PETRA Diamonds has announced that it is to sell its stake in the Kimberley Ekapa Mining Joint Venture (KEM-JV) to its partner Ekapa Mining for R300 million.

The company said yesterday that it would sell its 75.9% stake in the company, which focuses on mining in Kimberley, to its joint venture partner Ekapa Mining.

The sale will allow Petra to focus on its Finsch and Cullinan diamond mines, reduce operational risk for the group and shore up its finances.

KEM-JV is a joint venture between Petra and Ekapa Mining and incorporates Kimberley Underground mine, extensive tailings retreatment programmes and the high-volume Central Treatment Plant, all located in or around Kimberley.

The sale will be on a going concern basis, with Ekapa Mining taking on all the company’s financial, employees, environmental, health, safety and social obligations with regards to the KEM-JV operation.

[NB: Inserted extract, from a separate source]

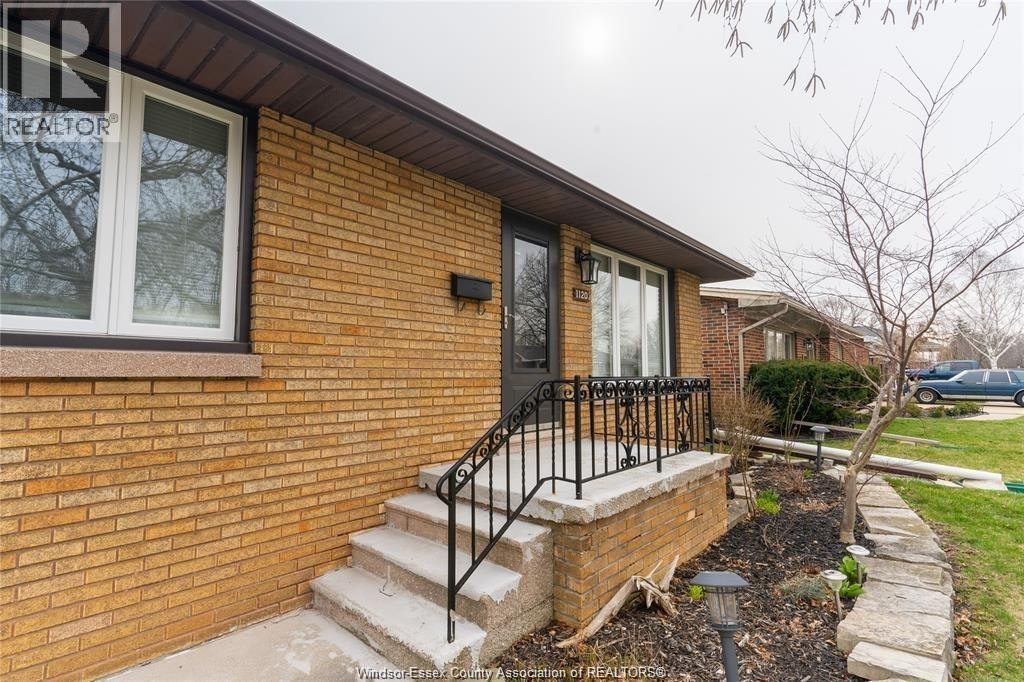 UPPER-1120 Parkview Avenue, Windsor, ON, N8S 2X9 - 3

The R300 million purchase consideration will be payable in 24 monthly instalments starting in January 2019.

In a statement issued by Petra Diamonds yesterday, the company stated that the rationale for the disposal was to ensure a sustainable future for KEM-JV by placing the operation under the sole stewardship of an operator best suited to maximise its value.

“Ekapa Mining’s extensive experience of operating specifically within Kimberley and its ability to solely focus on these assets is expected to provide the right fit for the operation, thereby ensuring continuation of diamond mining employment and related economic activity in this renowned diamond centre,” it stated.

“Petra set out the company’s strategic priorities in its Rights Issue announcement dated May 24, 2018, including that the board would continue on an ongoing basis to review the asset portfolio of the business with a view to maximising return on capital and to ensure that all assets are in a position to contribute positive cash flow to the business,” the statement said.

“Following an initial approach by Ekapa Mining in mid-June 2018 with regards to agreeing a potential transaction, the board has as of today determined to enter into a binding heads of terms based on the following benefits to Petra: while KEM-JV has the potential to be a sustainable and economic diamond producer, it is better suited to an operator with an owner-manager approach that is able to solely focus on the optimisation of these assets; it will subsequently free up considerable Petra management time that can be focused on the key assets of the business, in particular Finsch and Cullinan; it will reduce cash outflow, given that it will take time to ensure KEM-JV can make a positive cash contribution to the business; it will decrease operational risk in the context of the wider Petra Group; and the purchase consideration will facilitate the Group’s working capital position.”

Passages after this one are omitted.